Indian historian (1946–2025)

Rajat Kanta Ray (রজত কান্ত রায়; 6 May 1946 – 6 August 2025) was an Indian historian of South Asian history, specialising in Modern Indian history.

==Background==
Ray was born on 6 May 1946, the son of Kumud Kanta Ray, ICS who was a Home Secretary of West Bengal in the 1960s. His grandfather, Kamakshya Ray, a contemporary of Rathindranath Tagore, was one of the first four students of Patha Bhavana of Santiniketan.
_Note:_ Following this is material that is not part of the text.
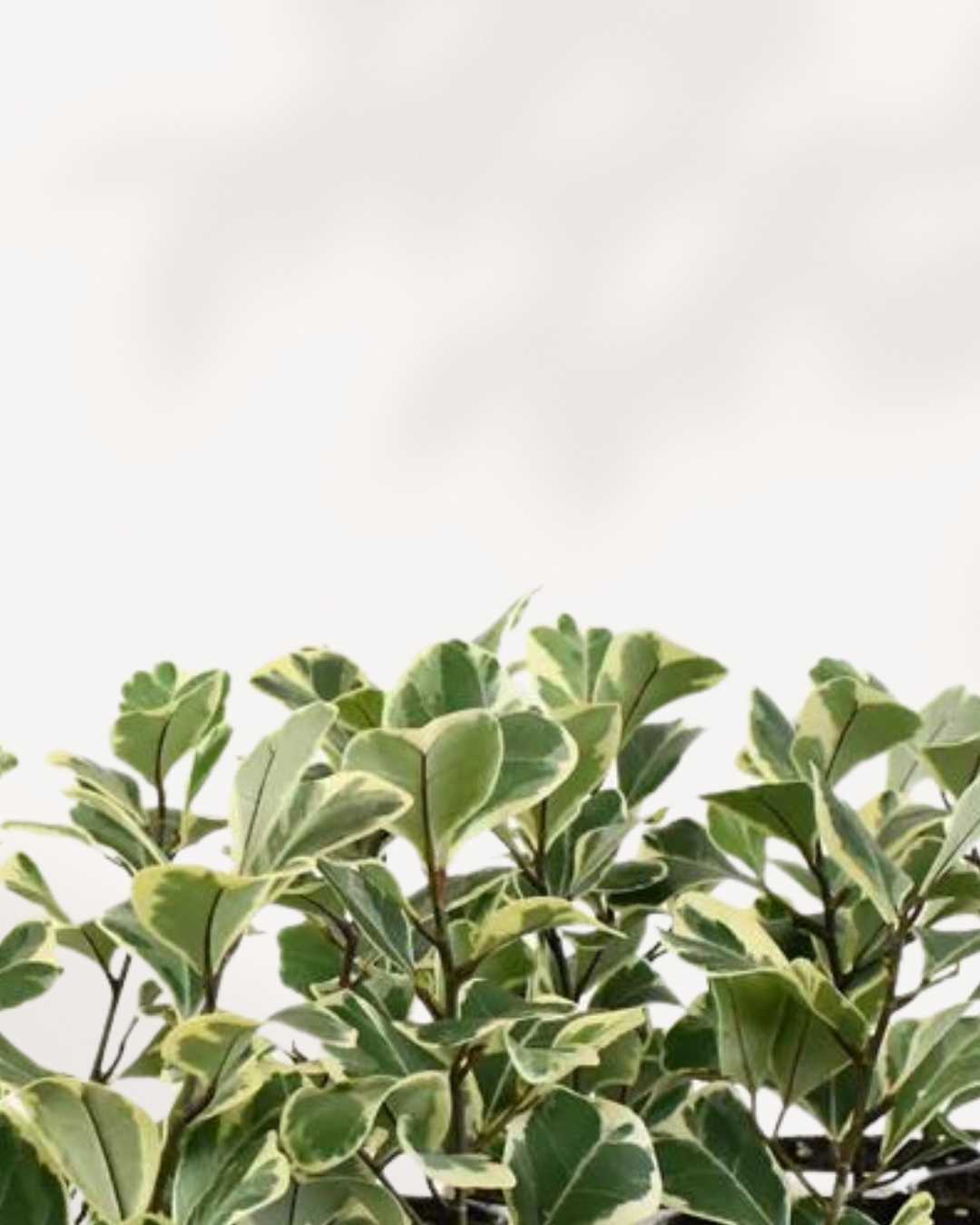 Close-up of Ficus Triangularis Variegata's triangular leaves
He completed his schooling at Ballygunge Government High School, Calcutta, and his B.A. (Honours) in History at Presidency College, Calcutta, where he was a student of Ashin Dasgupta. He then completed his Ph.D. under the supervision of Anil Seal at the University of Cambridge. After returning from Cambridge, Ray briefly taught at IIM, Calcutta, before moving to Presidency College, where he taught for more than three decades, and alongside his substantial academic output, is largely remembered as a teacher par excellence.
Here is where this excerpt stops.